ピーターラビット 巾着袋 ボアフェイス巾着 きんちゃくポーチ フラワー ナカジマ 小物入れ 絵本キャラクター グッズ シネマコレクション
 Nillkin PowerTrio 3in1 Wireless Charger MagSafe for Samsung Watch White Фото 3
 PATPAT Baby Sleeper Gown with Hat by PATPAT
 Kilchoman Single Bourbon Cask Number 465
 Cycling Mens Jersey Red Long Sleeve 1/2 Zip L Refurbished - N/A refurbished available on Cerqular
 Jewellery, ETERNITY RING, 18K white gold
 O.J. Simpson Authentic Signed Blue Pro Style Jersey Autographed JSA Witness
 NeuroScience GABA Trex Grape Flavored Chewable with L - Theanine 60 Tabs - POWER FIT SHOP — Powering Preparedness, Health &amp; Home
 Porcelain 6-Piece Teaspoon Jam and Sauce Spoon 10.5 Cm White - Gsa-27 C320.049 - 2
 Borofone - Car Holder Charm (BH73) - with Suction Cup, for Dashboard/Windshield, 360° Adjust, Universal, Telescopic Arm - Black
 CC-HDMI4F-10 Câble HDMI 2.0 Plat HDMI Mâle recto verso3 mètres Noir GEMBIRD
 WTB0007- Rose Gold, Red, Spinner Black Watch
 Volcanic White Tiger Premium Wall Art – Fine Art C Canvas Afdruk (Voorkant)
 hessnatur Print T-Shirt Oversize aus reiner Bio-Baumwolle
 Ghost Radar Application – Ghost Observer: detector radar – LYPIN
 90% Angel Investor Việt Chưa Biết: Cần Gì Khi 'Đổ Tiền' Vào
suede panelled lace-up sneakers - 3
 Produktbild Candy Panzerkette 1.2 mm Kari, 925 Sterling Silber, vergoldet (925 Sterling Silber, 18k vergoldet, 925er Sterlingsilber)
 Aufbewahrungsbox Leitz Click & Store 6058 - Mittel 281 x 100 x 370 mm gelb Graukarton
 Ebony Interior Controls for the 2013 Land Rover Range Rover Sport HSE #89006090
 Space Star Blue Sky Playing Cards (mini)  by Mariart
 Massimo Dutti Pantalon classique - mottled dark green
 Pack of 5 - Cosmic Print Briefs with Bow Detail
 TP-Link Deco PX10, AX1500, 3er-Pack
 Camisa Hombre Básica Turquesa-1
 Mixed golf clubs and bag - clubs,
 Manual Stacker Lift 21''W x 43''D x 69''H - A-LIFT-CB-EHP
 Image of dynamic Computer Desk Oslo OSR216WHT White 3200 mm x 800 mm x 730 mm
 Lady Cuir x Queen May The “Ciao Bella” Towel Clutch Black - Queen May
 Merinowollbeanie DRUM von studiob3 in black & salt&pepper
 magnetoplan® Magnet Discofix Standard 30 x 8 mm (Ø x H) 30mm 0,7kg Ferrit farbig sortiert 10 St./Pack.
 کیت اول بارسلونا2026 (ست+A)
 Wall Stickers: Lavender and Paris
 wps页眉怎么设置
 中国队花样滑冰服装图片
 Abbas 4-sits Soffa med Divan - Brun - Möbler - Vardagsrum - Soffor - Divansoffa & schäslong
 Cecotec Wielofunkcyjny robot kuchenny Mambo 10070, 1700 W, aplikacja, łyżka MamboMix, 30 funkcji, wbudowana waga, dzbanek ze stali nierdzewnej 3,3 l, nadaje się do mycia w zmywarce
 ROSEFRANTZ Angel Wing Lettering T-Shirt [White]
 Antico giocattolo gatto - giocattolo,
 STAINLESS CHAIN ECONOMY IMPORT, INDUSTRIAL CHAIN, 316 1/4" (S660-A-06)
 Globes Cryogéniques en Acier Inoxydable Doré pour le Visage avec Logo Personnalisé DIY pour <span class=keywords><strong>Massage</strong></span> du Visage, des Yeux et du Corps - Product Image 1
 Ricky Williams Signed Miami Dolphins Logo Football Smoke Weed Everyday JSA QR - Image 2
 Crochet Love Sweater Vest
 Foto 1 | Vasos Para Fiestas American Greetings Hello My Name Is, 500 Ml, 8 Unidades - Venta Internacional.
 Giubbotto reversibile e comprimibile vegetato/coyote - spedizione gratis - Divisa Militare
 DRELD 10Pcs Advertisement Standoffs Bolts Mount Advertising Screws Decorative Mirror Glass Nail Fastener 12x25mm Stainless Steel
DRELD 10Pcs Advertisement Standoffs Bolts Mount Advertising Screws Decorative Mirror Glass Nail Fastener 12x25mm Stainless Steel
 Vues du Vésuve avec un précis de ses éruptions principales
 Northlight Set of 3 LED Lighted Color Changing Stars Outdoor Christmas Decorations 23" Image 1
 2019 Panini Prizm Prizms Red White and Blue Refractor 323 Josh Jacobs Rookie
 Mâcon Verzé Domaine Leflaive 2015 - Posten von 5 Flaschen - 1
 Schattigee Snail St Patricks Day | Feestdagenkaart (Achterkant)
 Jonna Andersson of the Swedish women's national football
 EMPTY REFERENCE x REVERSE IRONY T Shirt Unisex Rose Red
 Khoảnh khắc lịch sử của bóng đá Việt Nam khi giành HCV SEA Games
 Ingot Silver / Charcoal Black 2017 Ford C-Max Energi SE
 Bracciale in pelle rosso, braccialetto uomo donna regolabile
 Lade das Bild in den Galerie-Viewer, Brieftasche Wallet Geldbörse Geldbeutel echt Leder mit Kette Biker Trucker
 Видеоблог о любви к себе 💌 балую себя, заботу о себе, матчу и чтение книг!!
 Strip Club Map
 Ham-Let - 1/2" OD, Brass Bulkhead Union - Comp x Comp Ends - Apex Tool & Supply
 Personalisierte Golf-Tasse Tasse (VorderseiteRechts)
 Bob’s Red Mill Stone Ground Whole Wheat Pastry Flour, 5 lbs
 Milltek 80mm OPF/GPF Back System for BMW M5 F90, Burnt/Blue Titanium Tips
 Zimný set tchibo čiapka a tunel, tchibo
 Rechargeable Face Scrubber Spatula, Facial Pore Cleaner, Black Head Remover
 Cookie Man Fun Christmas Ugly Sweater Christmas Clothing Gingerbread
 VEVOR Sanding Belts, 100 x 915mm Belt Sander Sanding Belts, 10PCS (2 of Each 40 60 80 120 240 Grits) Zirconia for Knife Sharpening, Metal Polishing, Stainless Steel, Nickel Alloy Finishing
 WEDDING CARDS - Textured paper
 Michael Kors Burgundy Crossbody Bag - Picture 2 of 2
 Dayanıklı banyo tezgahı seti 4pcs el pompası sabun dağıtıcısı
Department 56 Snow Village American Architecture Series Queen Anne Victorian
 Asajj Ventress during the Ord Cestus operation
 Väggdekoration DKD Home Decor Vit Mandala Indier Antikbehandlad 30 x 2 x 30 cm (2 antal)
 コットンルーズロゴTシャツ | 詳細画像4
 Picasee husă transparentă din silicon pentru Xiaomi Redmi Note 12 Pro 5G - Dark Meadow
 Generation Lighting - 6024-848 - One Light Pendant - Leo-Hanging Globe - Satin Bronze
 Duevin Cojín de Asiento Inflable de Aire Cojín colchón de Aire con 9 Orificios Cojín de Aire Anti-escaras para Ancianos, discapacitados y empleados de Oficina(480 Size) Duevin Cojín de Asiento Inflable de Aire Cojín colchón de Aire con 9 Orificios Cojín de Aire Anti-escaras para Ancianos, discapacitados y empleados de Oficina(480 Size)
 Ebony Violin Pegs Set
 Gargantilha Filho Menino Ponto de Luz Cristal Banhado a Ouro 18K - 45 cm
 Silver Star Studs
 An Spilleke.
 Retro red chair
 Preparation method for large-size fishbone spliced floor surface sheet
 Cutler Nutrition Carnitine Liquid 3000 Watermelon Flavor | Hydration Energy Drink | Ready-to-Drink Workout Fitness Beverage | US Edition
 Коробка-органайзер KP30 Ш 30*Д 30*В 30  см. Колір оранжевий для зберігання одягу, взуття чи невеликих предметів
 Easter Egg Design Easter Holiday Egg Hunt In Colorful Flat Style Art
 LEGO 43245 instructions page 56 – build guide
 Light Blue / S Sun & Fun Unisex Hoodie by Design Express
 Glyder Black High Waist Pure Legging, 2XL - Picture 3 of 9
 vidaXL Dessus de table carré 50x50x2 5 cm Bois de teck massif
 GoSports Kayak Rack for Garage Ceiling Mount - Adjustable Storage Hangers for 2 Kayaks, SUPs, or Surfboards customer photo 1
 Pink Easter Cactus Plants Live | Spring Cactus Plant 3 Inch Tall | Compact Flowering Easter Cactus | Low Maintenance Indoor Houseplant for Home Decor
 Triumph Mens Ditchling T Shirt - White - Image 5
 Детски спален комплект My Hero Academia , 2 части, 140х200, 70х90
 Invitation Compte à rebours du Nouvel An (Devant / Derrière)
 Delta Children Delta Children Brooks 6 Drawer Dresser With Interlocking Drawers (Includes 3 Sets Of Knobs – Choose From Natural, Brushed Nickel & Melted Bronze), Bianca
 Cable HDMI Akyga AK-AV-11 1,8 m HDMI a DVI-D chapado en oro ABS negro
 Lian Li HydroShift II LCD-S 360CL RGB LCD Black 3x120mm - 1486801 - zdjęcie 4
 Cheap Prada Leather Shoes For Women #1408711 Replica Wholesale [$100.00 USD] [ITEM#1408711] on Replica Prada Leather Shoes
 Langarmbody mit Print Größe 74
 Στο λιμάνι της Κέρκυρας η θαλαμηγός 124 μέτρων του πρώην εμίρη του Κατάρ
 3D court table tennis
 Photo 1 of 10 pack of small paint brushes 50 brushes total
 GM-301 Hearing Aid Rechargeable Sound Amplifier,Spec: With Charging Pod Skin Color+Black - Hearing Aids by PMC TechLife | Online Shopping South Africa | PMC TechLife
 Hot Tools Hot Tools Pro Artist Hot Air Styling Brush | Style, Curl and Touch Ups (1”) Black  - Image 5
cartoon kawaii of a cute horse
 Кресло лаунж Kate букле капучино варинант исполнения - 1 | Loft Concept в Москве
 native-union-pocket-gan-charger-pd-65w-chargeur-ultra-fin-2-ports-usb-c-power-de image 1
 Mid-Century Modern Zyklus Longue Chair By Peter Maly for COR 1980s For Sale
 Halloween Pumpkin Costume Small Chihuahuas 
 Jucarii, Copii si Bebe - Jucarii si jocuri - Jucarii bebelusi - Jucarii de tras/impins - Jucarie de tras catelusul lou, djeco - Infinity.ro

━━━━

■ **Task prompt**: Restate word for word the entries above from the line with "Pink Easter Cactus" through the line with "Langarmbody mit Print Größe 74", inclusive, leaving out everything else.

■ **Solution below**:
 Pink Easter Cactus Plants Live | Spring Cactus Plant 3 Inch Tall | Compact Flowering Easter Cactus | Low Maintenance Indoor Houseplant for Home Decor
 Triumph Mens Ditchling T Shirt - White - Image 5
 Детски спален комплект My Hero Academia , 2 части, 140х200, 70х90
 Invitation Compte à rebours du Nouvel An (Devant / Derrière)
 Delta Children Delta Children Brooks 6 Drawer Dresser With Interlocking Drawers (Includes 3 Sets Of Knobs – Choose From Natural, Brushed Nickel & Melted Bronze), Bianca
 Cable HDMI Akyga AK-AV-11 1,8 m HDMI a DVI-D chapado en oro ABS negro
 Lian Li HydroShift II LCD-S 360CL RGB LCD Black 3x120mm - 1486801 - zdjęcie 4
 Cheap Prada Leather Shoes For Women #1408711 Replica Wholesale [$100.00 USD] [ITEM#1408711] on Replica Prada Leather Shoes
 Langarmbody mit Print Größe 74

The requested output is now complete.